In this podcast, Franck Cappello from Argonne describes EZ, an effort to effort to compress and reduce the enormous scientific data sets that some of the ECP applications are producing.
The current simulations or instruments generate too much data—more than can be properly stored, analyzed, or transferred. There are different approaches to solving the problem. One is called lossless compression, a data-reduction technique that doesn’t lose any information or introduce any noise. The drawback with lossless compression, however, is that user-entry floating-point values are very difficult to compress: the best effort reduces data by a factor of two. In contrast, ECP applications seek a data reduction factor of 10, 30, or even more.
Among the lossy compressors in software literature, one of the difficulties is that they cannot compress one- or two-dimensional data sets. The EZ project is targeting that type of data set and data sets of higher dimensions. In some cases, SZ provides better compression for the very large highly dimensional data sets than for the ones with smaller dimensions. For exascale applications, a reduction of at least one order of magnitude is required. The loss of information is acceptable, but the user must be able to set the limits for necessary accuracy. The SZ compressor provides such control to the user.
The EZ project looks to provide a production-quality lossy compressor for scientific data sets, while VeloC is centered on supplying an optimized checkpoint/restart library for applications and workflows. In addition to his work on EZ and VeloC, Cappello is the data reduction lead for ECP’s CODAR Co-Design Center.
Video Chat Notes:
- The motivation for the EZ project [1:24]
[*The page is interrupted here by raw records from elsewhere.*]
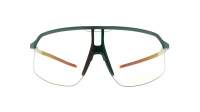 Julbo Density J561 33 16 Density 135-15 Grün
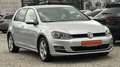 Volkswagen Golf Highline BMT *8-FACH* Service/ Pickerl NEU Silber - thumbnail 1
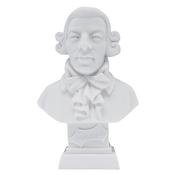 Bust Haydn 11cm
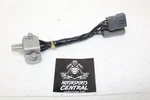 Oem Yamaha TR1 Earth Plate Compass 6CS-8273J-11-00 6CS-8273J-10-00 Used. Price: $23.23.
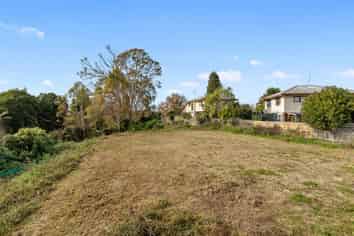 29 Balloch Street, Fairfield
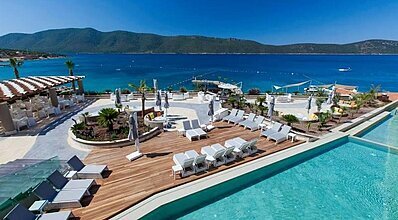 Sign By Ersan Genel Görünüm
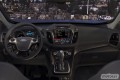Foto 58 Ford revela el Escape/Kuga 2012/2013 foto 1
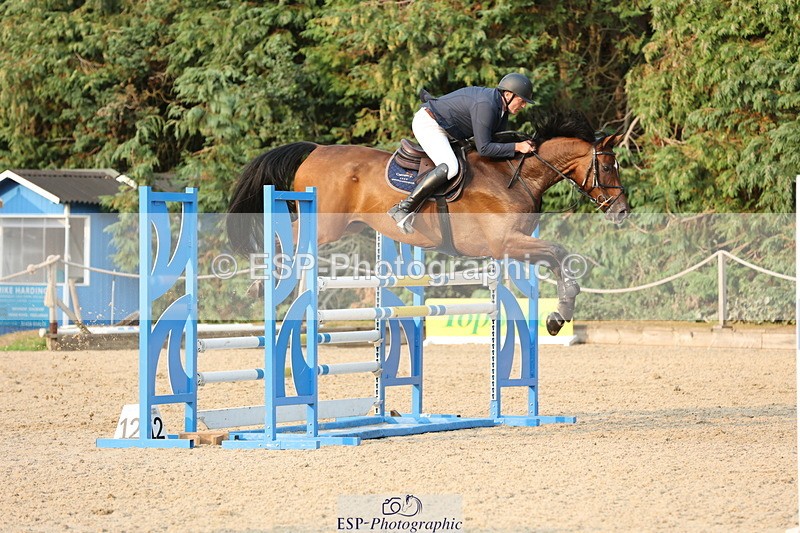 250816A-181416-03324 - Cls 11 Snr Foxhunter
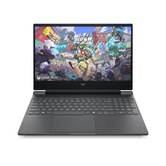 PORTATIL HP VICTUS 15-FA2708NS i5-13420H 16GB 512GB RTX4050 15.6" FreeDOS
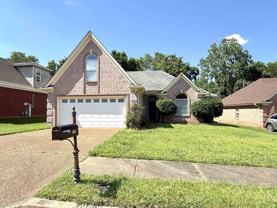 9192 Speerberry Ln - Photo 1 of 1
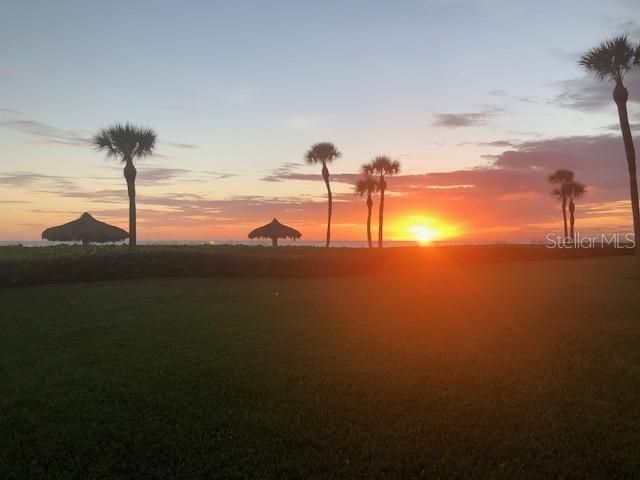 100 Sands Point Road, Unit 303, Longboat Key, FL 34228 Photo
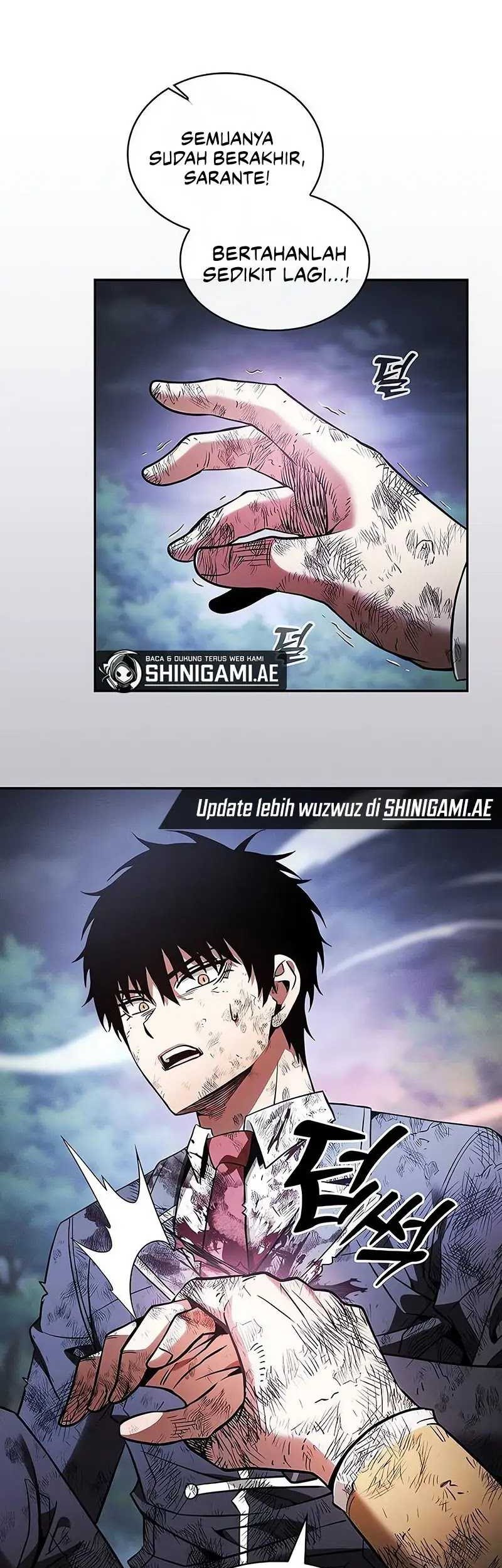 Chapter 48 - halaman 16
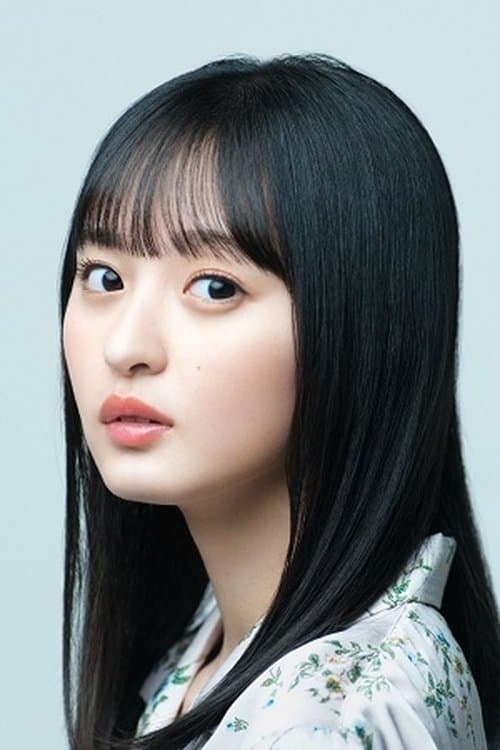 Cast's Movie Image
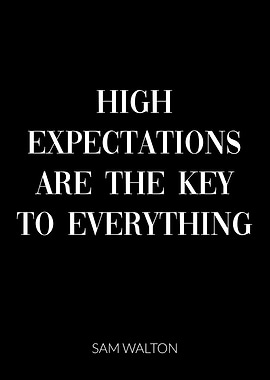 Sam Walton Quote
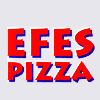 Efes Pizza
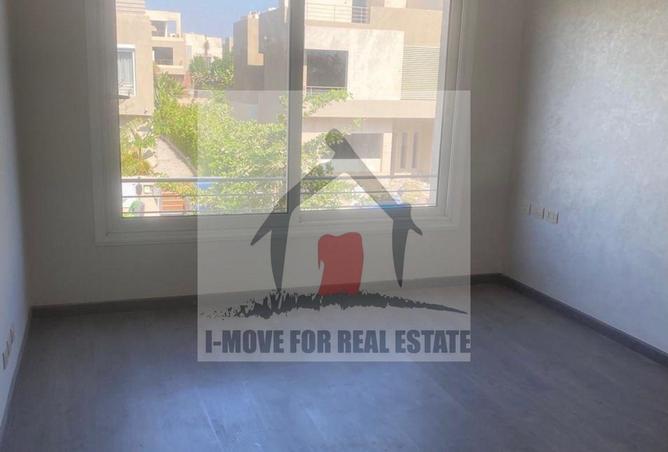 66422528 - صورة العقار 3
- Strict accuracy control is needed for lossy compression [3:22]
- Compression for more than images [4:20]
- Saving on storage footprint or bandwidth? [5:07]
- Four uses cases in addition to visualization: (1) reduction of the footprint on the storage system [5:20], (2) the NYX Application and reduction of I/O time [6:10], (3) the NWChem application and lossy checkpointing [6:58], and (4) acceleration of the GAMESS application with lossy compression [8:24]
- A multi-algorithm compressor [10:25]
- Automatic configuration by analyzing the data set while compressing [11:30]
- Deep learning is too slow to be integrated into fast lossy compressors [12:39]
- Different uses, different needs [13:46]
- Co-design, working with applications developers [14:31]
- How the work of the EZ project is benefiting ECP [14:56]
- Metrics for lossy compression quality and tools for assessing errors [16:09]
- Why compressing floating-point data multiple times would be undesirable [19:49]
- The results have been encouraging [21:00]
- Testing on Theta and other systems [21:31]
Franck Cappello is a senior computer scientist at Argonne National Laboratory and an adjunct research professor at the University of Illinois at Urbana-Champaign. He also is principal investigator for the Exascale Computing Project (ECP) efforts called EZ and VeloC.